→ The task:
Transcribe the full listing below, word for word, without pictures.

→ Collected data:
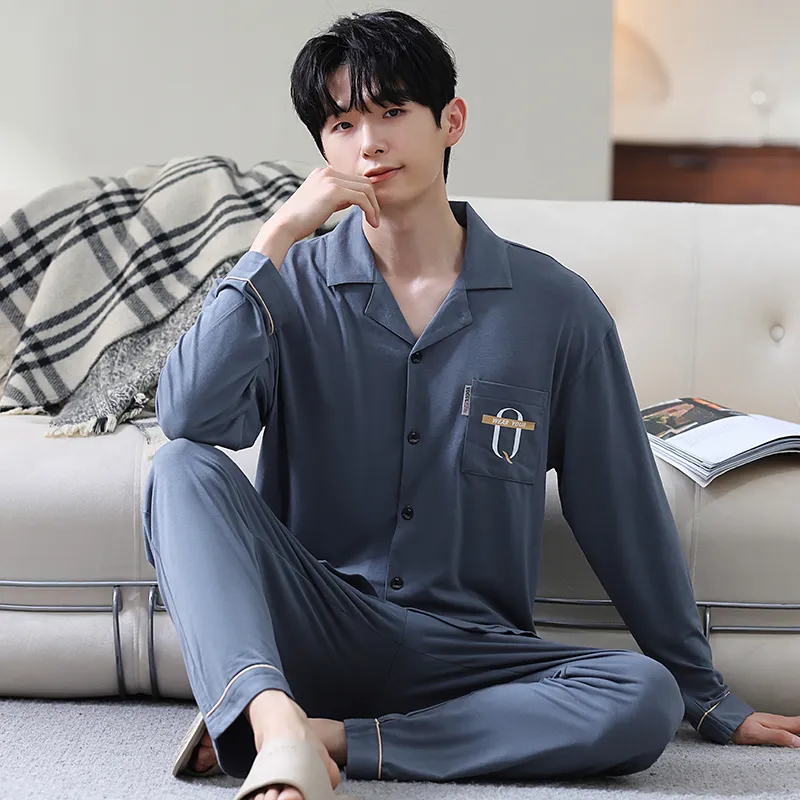 Maultiay Pajama Set Men's Dark Blue-5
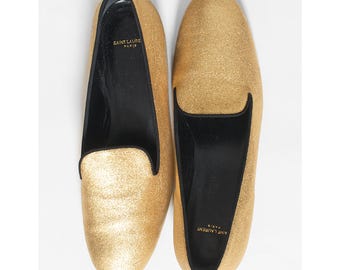 Vintage YVES SAINT LAURENT goud metallic leren ballerina's, nieuw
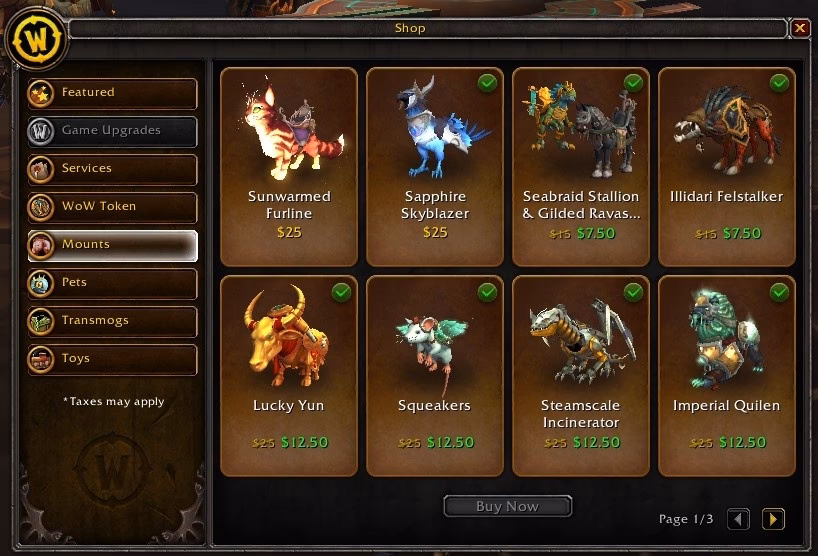 What mounts can I buy with cash?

→ Solved exercise:
 Maultiay Pajama Set Men's Dark Blue-5
 Vintage YVES SAINT LAURENT goud metallic leren ballerina's, nieuw
 What mounts can I buy with cash?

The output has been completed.